I’ve been a teacher and a writer and a wife and a mom. Advantages and disadvantages to all those occupations, but in the long run? I wouldn’t trade my experience being all of those.
Growing up, I believed—as most children do—that I could become anything I wanted. The sky was not even the limit because I could maybe become an astronaut! My grandfather wanted me to be an airline pilot, but when I couldn’t even see the appendages on the big “E” on the eye chart—just a dark, fuzzy blob—that wrecked that dream. It was his dream, anyway. Not mine. I enjoy flying, but I didn’t want to be the flyer—just the flyee.
I went through a phase when I wanted to be a spy. I read spy novels and watched spy movies and TV shows. I thought there was nothing cooler than being a spy. Fortunately, I wised up and discovered I’m pretty much a wimp. If I’d been captured and the Secretary disavowed any knowledge of me, I would’ve folded under torture. Just a scary look would’ve probably done me in, so I’m sure my country is glad I didn’t decided to serve in the CIA. Just watching Homeland lets me know I’m not cut out for that kind of life.
When I was in high school, I thought I would be a journalist. I’d light the world on fire, like a Woodward or Bernstein. I also thought about becoming a lawyer, but between the extra 3 years in school and all the money I’d borrow to get through those law school years, I didn’t want to put off life any longer—much less drown in debt. So I eventually settled on a calling from the time I was very young and played school with my stuffed animals and dolls (Chatty Kathy & Suzie Smart were 2 of my prized pupils in my bedroom schoolroom).
I discovered teaching was where I was meant to be, and I’m lucky enough now to have added “published author” onto my resume. Both have given me immense satisfaction.
But every now and then, I get a hankering to be either Diane Sawyer or Emma Stone.
Diane is all class—that polished manner, ethereal beauty, whip-smart intelligence. I’ve followed her career over the years. Cried when she left GMA. Was happy for her promotion, but sad for her morning audience. She and Charlie were simply magic during their years together. She did an amazing job on the ABC national news desk, and I look forward to her new chapter as a special correspondent.

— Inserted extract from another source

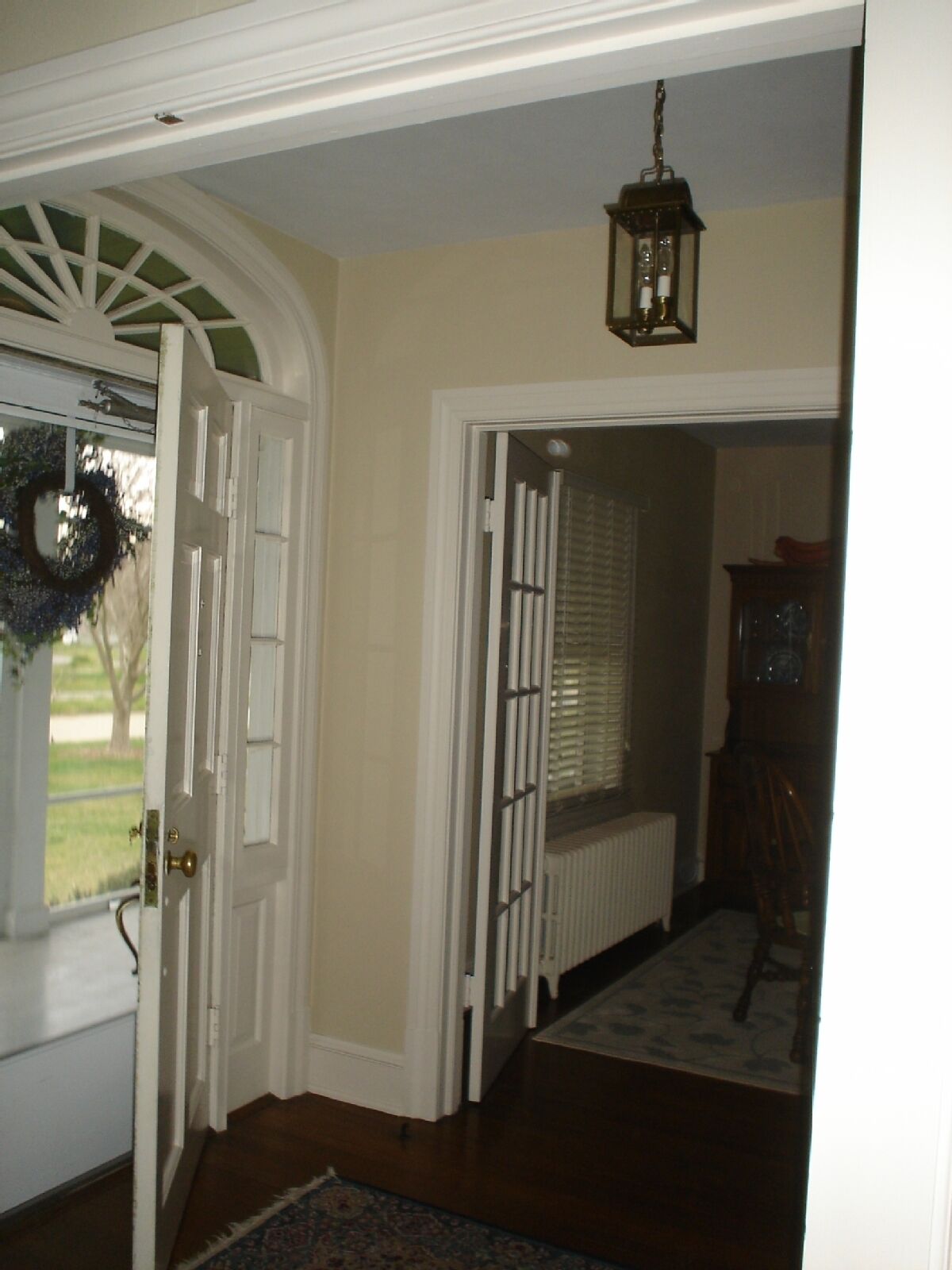 A hallway with a white door, a radiator, a wooden chair, and a hanging lantern.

But what I like about her most? Not the gravitas she brought to the anchor desk or her quick thinking and skilled reporting. Nope, I like her quirky, fun, down-home, goofy sense of humor. Over the years, watching her on TV and reading interviews with her, she just is a happy, funny, and there’s no other way to say this . . . dork! She’d be the first to tell you what a dorky klutz she is. But she’s funny and real and maybe one day when I’m visiting New York City, I’ll run into her somewhere. We’ll sit and have a glass of wine and laugh like old friends—because she’s got that ability to be there, right there, with someone, in the moment.

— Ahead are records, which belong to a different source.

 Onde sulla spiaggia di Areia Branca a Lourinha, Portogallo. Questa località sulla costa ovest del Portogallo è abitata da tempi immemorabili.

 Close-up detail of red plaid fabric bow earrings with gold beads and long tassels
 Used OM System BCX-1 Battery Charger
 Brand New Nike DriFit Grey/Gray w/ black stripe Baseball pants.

Another, different beauty that I think is just precious is Emma Stone. She’s gorgeous. Talented. So natural on screen. So stylish on the red carpet. And . . . another quirky, dorky gal. Just listening to her when she’s being interviewed, she is a fun and funny person. I love a sense of humor more than any other quality in a person, and Emma seems to have one a mile long and two miles wide. She seems as if she loves to laugh—whether it’s at herself or along with you. Maybe she’ll drop by that table where Diane & I are sipping a smooth cab and join us for some good conversation and plenty of laughter.

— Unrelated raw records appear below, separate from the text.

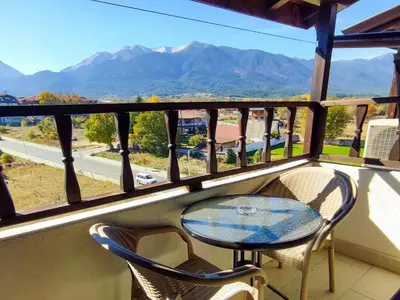 a table and chairs on a balcony with mountains at 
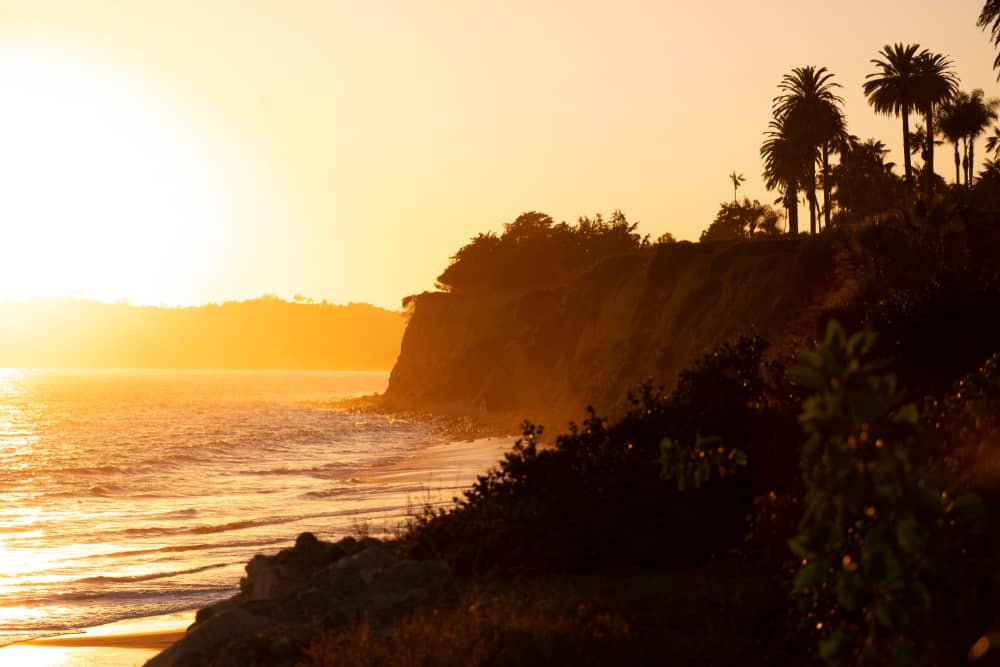 A beautiful orange and pink sunset on the cliffs of Butterfly Beach, the perfect end to a weekend in Santa Barbara itinerary.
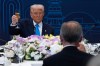 U.S. President Donald Trump looks toward Canadian Prime Minister Mark Carney as they raise their glasses during a toast at a working dinner in Gyeongju, South Korea on Wednesday, Oct. 29, 2025. THE CANADIAN PRESS/Adrian Wyld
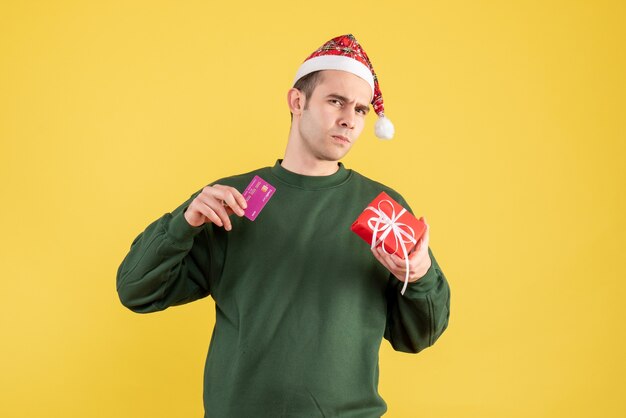 Vista frontal confundido joven con pie de regalo de Navidad en amarillo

These women are very different from me. One, a journalist. One, an actor. Occupations I would have liked to try but never will (Unless I write a book about one—which I did just sell a manuscript about an actress pursued by a serial killer—hmm…maybe Emma could play the lead in the movie version and Diane could interview her?). Still, whenever I have trouble sleeping at night, I think I just might pretend to be Diane or Emma in my daydreams . . . if only for a little while.